Chapter 5 (Problem 13) (p200)
Garelli Wong & Associates, Inc. (GW), a provider of accounting and financial personnel services, created a database containing confidential client tracking information. The Firm took steps to maintain the confidentiality of the information and thereby obtain the competitive advantage that the information provided. GW and a corporation that had later acquired the firm sued William Nichols, a former employee of GW and the successor corporation. The plaintiffs alleged that Nichols used some of the confidential information in the above-referred database after he had taken a job with a competing firm.

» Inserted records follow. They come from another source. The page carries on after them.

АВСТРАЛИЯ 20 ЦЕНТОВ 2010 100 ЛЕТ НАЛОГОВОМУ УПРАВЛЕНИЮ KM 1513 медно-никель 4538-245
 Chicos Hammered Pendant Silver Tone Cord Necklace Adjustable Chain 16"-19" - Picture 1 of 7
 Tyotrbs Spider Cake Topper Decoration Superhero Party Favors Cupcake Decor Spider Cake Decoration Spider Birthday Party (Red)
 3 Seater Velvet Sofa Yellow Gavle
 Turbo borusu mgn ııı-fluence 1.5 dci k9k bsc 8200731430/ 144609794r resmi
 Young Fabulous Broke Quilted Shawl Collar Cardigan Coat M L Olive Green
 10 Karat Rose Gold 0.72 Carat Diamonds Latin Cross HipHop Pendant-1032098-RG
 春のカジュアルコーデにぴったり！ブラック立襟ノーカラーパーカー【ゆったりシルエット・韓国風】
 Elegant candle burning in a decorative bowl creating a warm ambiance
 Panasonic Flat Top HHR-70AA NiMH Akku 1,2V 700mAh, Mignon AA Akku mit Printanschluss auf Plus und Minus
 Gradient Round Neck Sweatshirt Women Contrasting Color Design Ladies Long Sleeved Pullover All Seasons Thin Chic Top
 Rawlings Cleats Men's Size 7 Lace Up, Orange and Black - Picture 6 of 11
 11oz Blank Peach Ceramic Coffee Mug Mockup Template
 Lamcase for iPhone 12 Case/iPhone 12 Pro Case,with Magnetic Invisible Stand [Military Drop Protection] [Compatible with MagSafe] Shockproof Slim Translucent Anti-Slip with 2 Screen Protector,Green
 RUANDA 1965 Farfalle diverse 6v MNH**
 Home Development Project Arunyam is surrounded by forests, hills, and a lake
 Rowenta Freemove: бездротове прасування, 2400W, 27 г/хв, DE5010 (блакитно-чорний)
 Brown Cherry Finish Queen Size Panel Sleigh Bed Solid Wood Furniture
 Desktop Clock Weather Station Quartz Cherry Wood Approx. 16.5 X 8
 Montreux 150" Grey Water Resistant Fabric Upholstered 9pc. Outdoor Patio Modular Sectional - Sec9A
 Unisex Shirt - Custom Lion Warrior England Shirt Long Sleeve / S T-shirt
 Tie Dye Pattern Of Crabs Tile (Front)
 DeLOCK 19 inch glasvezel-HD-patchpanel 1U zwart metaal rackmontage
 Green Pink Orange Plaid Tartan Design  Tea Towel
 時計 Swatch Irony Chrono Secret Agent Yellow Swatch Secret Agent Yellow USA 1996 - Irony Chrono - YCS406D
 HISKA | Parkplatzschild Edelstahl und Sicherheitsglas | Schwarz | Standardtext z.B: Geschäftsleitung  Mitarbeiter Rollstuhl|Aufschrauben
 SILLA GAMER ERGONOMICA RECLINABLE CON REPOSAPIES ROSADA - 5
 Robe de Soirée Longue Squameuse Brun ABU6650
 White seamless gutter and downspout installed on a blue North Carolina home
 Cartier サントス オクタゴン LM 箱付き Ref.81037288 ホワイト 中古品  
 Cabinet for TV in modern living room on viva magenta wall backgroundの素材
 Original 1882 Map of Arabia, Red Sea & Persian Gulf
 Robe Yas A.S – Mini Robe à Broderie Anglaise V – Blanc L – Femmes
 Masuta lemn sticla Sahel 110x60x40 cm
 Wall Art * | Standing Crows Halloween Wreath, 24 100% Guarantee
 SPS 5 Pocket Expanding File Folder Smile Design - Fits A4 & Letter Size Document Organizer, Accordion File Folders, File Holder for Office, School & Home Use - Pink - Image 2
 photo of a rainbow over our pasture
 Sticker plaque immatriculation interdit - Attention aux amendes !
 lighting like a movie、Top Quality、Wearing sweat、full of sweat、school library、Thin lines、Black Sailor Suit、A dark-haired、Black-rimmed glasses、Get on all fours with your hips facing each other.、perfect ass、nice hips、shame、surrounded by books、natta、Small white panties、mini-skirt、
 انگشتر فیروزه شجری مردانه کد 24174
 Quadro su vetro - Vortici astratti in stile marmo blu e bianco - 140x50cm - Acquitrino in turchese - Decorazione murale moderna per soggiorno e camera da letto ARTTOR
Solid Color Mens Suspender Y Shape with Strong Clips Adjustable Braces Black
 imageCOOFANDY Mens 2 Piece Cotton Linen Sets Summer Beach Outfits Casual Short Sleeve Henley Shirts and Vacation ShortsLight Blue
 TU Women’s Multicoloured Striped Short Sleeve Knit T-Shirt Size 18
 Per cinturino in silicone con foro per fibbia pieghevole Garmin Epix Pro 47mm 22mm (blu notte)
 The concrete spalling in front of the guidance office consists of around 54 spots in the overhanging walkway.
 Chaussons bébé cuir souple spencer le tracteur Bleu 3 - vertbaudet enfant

Nichols’ supposed use of the information allegedly breached a contract he had entered into with GW when he was employed there. In their complaint filed in federal court, GW and the successor corporation contended that Nichol’s actions violated the federal Consumer Fraud and Abuse Act (CFAA) and constituted breach of contact in violation of state common law. The CFAA section on which the plaintiffs relied, 1030 (a)(5) , states, in pertinent part: Whoever- (5) (A)(i) knowingly causes the transmission of .. information and as a result of such conduct, intentionally causes damage without authorization, to a protected computer; (ii) intentionally accesses a protected computer without authorization, and as a result of such conduct, recklessly causes damage; or (iii) intentionally accesses a protected computer without authorization, and as a result of such conduct, causes damage; and (5)(B)(i) by conduct described in clause (i), (ii), or (iii) of subparagraph (A), caused loss to 1 or more persons during any 1-year period aggregating at least $5,000 in value. A definition section of the CFAA defines damage as “impairment to the integrity or availability of data, a program, a system, or information. Nichols moved to dismiss the plaintiffs’ CFAA 1030 (a) (5) claim because of a supposed failure to state a claim upon which relief could be granted. He argued that even if he used information in the database, he did not impair the integrity or availability of the information or the database. How did the court rule on Nichols’ motion regarding the 1030 (a)(5) claim? Did that section of the CFAA apply to this alleged instance of trade secret misappropriation?
Chapter 6 (Problem 11)
At the time of the events described below, California’s statute dealing with a deceased celebrity’s right of publicity read as follows: “ Any person who uses a deceased personality’s name, voice, signature, photograph, and likeness, in any manner, on or in products, merchandise, or goods, or for purposes of advertising or selling, or soliciting purchases of products, merchandise, goods, or services, without prior consent from d[the legal owner of the deceased personality’s right of publicity] shall be liable” to the right of publicity owner. The statute also set forth exemptions from the consent requirement for uses in new, public affairs, or sports broadcasts; in plays, books, magazines, newspapers, musical compositions, or film, television, or radio programs; or in other works of political or news-related value. There was also an exemption for “ single and original works of fine art.” Comedy III Production, Inc., owns the rights of publicity of the deceased celebrities who, through their comedy act and films, had become familiar to the public as “The Three Stooges.” Relying on the statute quoted above, Comedy III brought a right of publicity action against artist Gary Saderup and the corporation of which he was a principal. Without Comedy III’s consent, the defendants (referred to here collectively as “Saderup”) had produced and profited from the sale of lithographs and T-shirts bearing a depiction of The Three Stooges. The depiction had been reproduced from Saderup’s charcoal drawing, which featured an accurate and easily recognizable image of the Stooges. The trial court awarded damages to Comedy III after concluding that Saderup had violated the right of publicity statute and that neither the exemptions set forth in statute nor the First Amendment furnished a defense. When the California Court of Appeals affirmed, Saderup appealed to the Supreme Court of California. Were the lower courts correct in ruling in favor of Comedy III?